L’ouverture du dialogue annoncée est peut-être la seule véritable mesure à retenir, d’autant plus qu’elle est attendue depuis longtemps pour décrisper la crise. Mais là aussi, l’on doit prendre cela avec des pincettes lorsqu’on lit entre les lignes – « un dialogue avec l’ensemble de la classe politique togolaise » – et sait qu’aucune date n’est indiquée pour son démarrage. Il s’agit visiblement d’un dialogue fourre-tout, d’un véritable panier à crabes où l’on retrouvera de ces opposants recto-verso – suivez nos regards – et béquilles du pouvoir en place. L’autre aspect, c’est le sérieux des protagonistes, notamment les délégués du parti au pouvoir. On se rappelle le dialogue Togo Télécom où ses émissaires avaient fait les sourds muets, disant d’aller rendre compte à leur mandant d’abord lorsqu’il s’agit de prendre des décisions. Tout porte à croire à un dialogue annoncé pour détourner l’attention de la coalition de l’opposition, démobiliser ses militants et les populations qui contestent le pouvoir de Faure Gnassingbé. Dans l’immédiat, personne n’est dupe, il s’agit de casser la mobilisation autour des manifestations des trois jours débutées depuis hier sur toute l’étendue du territoire national. Le timing de l’annonce est loin d’être fortuit.

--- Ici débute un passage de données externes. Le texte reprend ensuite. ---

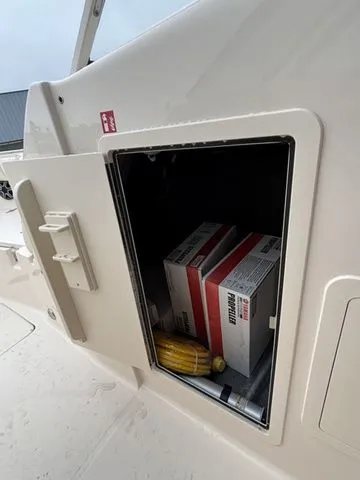 Slide: The Image of Grady-White Freedom 307 2026 - 20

Au sein de la coalition de l’opposition, on ne s’emballe d’ailleurs pas devant cette annonce. « En libérant 42 prisonniers pour ouvrir un dialogue avec l’opposition, l’exécutif togolais prouve que les détenus ne l’étaient pas en conformité avec le droit. Quand la libération de prisonniers est sujette à des négociations, on parle de kidnapping ou de prise d’otage. Aucun futur dirigeant du Togo ne négociera avec des preneurs d’otage. Ceux qui voudront le faire le feront en leur nom et non en celui du peuple togolais. Pour finir, il est nécessaire de rappeler au gouvernement togolais que la lutte dont se fait l’écho l’opposition togolaise concerne un peuple et son chef d’État dont l’exercice de la fonction est jugée illégitime. Ledit chef d’État s’est arrogé les pleins pouvoirs dans sa constitution taillée sur mesure, ramenant le Premier ministre et son gouvernement au rang de valets. En quoi ce gouvernement peut-il mener une quelconque négociation engageant un départ du chef intouchable ? Nous saluons l’effort du gouvernement togolais pour tenter de ressembler à autre chose qu’un exécutif bananier, mais rappelons que la libération de 42 détenus ne ramènera pas de la tombe ceux à qui la vie a été ôtée impunément. Le chef de l’État dans sa seule allocution a dit qu’il n’était coupable de rien et est victime de manipulation des réseaux sociaux. Qu’il assume son entêtement jusqu’au bout. Nous assumerons le nôtre. Si Faure Gnassingbé ne reconnaît pas qu’il est non seulement à l’origine, mais aussi partie intégrante de la crise togolaise, le directoire du Parti des Togolais considère ce communiqué comme un non évènement », a réagi le Parti des Togolais, par la plume de sa chargée de communication Delali Attiopou.
On peut légitimement déjà s’interroger sur la sincérité du pouvoir lorsque l’on crie à l’apaisement et annonce de prétendues mesures, et au même moment la soldatesque du pouvoir violente encore les populations de Sokodé, Bafilo, etc. comme c’était le cas hier, pour des manifestations qu’on n’a plus interdites cette fois-ci.